#### EXERCISE GOAL
Once you reach the line that contains "Ben Affleck débute", retype it and every line after it exactly, ending with the last line of the entries.

(Source data)

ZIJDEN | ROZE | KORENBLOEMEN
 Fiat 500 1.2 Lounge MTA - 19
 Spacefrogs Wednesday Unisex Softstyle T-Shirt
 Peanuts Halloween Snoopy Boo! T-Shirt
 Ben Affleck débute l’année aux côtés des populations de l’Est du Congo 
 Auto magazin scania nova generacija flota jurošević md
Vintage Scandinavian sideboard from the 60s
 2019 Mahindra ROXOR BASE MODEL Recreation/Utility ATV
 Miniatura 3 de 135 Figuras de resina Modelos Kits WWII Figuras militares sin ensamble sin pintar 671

#### EXERCISE ANSWER
 Ben Affleck débute l’année aux côtés des populations de l’Est du Congo 
 Auto magazin scania nova generacija flota jurošević md
Vintage Scandinavian sideboard from the 60s
 2019 Mahindra ROXOR BASE MODEL Recreation/Utility ATV
 Miniatura 3 de 135 Figuras de resina Modelos Kits WWII Figuras militares sin ensamble sin pintar 671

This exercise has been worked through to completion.